Railway station in Brisbane, Australia

Fortitude Valley is a railway station located on the North Coast line in Queensland, Australia. Located beneath the Valley Metro complex, it serves the central Brisbane suburb of Fortitude Valley. The station is one of four inner city stations that form a core corridor through the centre of Brisbane.

Pedestrian access to the station is via two thoroughfares near the corner of Brunswick and Wickham Streets and a pedestrian overpass connecting to McWhirters. There is also a lesser known entrance through the car park at the Northern side of the station, both out to Alfred Street in the West and Alden Street in the east, the latter through a secluded lift in the eastern side of the car parking complex.

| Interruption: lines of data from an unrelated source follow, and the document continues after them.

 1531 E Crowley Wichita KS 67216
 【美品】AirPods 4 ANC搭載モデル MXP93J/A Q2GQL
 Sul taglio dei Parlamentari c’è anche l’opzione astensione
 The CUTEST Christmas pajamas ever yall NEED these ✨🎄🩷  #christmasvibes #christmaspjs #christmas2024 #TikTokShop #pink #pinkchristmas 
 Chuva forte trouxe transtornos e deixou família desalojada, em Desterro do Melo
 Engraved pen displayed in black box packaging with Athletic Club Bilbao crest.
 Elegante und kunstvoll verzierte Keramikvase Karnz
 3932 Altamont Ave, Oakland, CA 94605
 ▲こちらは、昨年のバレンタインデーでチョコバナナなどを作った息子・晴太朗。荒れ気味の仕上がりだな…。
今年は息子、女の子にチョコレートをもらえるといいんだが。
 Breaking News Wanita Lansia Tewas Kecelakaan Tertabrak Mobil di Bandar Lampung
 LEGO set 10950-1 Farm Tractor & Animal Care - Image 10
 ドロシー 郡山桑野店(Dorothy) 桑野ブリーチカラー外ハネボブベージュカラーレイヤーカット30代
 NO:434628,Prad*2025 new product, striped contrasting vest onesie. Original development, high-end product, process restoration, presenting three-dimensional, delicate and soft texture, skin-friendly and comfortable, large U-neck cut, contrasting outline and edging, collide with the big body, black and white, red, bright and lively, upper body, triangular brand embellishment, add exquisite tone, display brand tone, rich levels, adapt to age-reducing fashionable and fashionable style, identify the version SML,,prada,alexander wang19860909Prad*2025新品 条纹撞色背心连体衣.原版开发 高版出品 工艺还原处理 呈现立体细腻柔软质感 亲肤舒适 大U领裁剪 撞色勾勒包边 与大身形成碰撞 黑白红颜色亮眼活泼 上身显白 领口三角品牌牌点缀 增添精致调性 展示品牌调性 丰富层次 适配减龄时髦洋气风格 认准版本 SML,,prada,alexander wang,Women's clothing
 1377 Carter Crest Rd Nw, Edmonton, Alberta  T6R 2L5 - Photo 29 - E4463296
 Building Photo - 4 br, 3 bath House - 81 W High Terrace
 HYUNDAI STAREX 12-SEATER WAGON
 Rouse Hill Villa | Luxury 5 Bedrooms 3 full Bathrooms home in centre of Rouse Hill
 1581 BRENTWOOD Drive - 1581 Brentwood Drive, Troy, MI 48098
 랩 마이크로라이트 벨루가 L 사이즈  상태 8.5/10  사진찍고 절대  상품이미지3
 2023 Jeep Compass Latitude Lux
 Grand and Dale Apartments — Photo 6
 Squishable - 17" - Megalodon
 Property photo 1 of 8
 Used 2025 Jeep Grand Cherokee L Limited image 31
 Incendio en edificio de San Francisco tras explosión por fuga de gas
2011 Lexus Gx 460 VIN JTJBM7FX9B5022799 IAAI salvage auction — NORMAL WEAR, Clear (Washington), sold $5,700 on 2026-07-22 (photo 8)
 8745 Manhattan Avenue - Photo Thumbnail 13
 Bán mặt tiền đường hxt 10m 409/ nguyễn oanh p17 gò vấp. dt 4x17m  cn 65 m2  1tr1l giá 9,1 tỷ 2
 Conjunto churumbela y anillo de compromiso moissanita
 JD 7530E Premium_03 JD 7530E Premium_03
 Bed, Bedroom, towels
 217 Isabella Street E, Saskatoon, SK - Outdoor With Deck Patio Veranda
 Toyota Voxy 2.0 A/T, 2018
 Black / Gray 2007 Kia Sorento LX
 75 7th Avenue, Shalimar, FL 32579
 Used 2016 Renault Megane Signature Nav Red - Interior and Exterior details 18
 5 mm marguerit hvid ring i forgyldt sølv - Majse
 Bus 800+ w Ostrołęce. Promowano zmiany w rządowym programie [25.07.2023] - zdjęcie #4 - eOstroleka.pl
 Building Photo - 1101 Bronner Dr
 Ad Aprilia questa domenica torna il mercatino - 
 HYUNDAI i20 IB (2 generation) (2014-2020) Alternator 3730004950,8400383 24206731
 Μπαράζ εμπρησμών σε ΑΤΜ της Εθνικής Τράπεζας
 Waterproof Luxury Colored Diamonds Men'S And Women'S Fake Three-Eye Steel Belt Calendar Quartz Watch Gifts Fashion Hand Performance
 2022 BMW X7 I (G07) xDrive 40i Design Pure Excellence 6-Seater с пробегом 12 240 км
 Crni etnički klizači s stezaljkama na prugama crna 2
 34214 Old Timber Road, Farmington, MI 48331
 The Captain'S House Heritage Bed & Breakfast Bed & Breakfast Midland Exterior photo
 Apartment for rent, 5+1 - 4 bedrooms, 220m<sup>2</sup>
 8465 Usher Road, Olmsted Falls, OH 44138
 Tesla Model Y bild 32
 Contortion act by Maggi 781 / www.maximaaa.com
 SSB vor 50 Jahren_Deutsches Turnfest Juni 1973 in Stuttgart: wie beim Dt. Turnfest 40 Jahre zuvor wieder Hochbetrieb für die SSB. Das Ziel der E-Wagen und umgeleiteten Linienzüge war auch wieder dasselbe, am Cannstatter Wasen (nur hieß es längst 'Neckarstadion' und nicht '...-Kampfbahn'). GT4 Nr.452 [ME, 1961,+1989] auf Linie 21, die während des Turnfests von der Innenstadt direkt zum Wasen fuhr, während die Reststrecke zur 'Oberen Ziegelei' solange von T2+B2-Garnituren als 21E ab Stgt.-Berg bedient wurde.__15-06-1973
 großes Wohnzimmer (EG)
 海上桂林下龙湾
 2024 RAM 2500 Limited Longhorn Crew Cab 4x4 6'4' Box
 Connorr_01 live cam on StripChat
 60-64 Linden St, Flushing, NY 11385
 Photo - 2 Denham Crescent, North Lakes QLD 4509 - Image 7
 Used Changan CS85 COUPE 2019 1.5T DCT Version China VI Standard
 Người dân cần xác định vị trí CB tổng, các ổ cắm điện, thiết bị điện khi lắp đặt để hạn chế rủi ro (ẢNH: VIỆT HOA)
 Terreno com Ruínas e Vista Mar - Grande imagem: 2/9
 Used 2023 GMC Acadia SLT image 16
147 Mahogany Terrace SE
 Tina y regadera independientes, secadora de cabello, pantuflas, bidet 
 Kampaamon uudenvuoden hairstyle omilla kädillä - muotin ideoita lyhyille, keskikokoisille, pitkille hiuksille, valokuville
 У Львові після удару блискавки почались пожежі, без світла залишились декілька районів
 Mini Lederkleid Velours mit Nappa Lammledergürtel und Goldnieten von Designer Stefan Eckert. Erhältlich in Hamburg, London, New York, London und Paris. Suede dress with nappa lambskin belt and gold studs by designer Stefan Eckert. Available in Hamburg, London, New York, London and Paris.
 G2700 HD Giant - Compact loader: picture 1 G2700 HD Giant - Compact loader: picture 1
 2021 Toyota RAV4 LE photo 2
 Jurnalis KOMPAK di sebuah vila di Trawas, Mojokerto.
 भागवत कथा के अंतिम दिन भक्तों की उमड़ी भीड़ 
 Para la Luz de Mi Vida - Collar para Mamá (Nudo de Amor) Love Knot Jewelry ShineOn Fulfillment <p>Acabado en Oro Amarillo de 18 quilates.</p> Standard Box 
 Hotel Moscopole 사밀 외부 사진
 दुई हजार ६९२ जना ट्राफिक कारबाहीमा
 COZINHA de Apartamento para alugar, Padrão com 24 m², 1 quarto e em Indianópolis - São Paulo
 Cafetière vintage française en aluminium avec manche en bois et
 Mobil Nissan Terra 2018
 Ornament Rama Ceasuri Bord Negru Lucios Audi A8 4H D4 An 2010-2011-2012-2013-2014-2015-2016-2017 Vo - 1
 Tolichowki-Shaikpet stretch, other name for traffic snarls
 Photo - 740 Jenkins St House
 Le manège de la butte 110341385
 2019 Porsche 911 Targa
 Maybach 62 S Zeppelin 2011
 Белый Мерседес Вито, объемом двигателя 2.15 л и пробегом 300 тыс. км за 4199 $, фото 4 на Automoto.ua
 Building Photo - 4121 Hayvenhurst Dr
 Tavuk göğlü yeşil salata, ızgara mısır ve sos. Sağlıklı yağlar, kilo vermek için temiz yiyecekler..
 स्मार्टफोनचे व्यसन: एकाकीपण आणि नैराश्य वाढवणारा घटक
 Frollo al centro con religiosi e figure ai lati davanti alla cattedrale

On the Path to the overpass to McWhirters, exists two escalators that lead down to Wickham Street, however due to political issues these escalators are non-functional and are normally closed off with a metal door.

==History==
The station opened on 1 November 1890 as Brunswick Street with the completion of the railway from Brisbane Central.

In July 2007, an upgrade on the station commenced but being a busy station, only two platforms were able to be upgraded at any one time.

The upgrade was completed in October 2008 with escalators, lifts, new lighting, updated passenger information displays and upgraded flooring. With the upgrade completed, the station was renamed Fortitude Valley.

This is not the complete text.